Has Mandy Moore heard the album? “I think I’ll leave that question, just because it’s too personal,” he says, with a hint of lament. “There’s a lot of other people involved. But I totally respect your reason for asking.”

The answer is not a surprise; the kindness that comes with it is, especially as the last time I saw him was for Other Voices 2007, where he appeared distinctly unempathetic about his onstage technical issues. But seven years on, he has nothing but good things to say about his Dingle experience.

“I think about it all the time,” he says. “I remember part of the drive was just so unbelievably beautiful. I really felt like I was living in folklore; you don’t know how green things can be until you get there.”

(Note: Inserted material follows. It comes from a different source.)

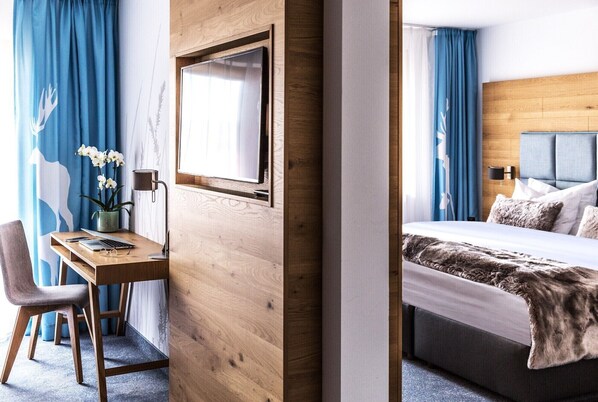 Une chambre d’hôtel avec un bureau en bois, une chaise, un lit avec une tête de lit grise et une grande fenêtre avec des rideaux.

During the show, some technical problems seemed to throw him out. That didn’t muddy his memories? “I don’t remember that. Maybe there was feedback or something. That happens all the time,” he says. “It’s like if you work in an office, and you can’t get the copy machine to work. You’re not just going to go ‘that darn copy machine!’ after the 20th time. You’re going to be annoyed.

“I’ve asked my manager to go back to Other Voices, and we try, but I guess they do the logistics when they put together a tour and it doesn’t work out. But hopefully it will again,” he says, tantalisingly.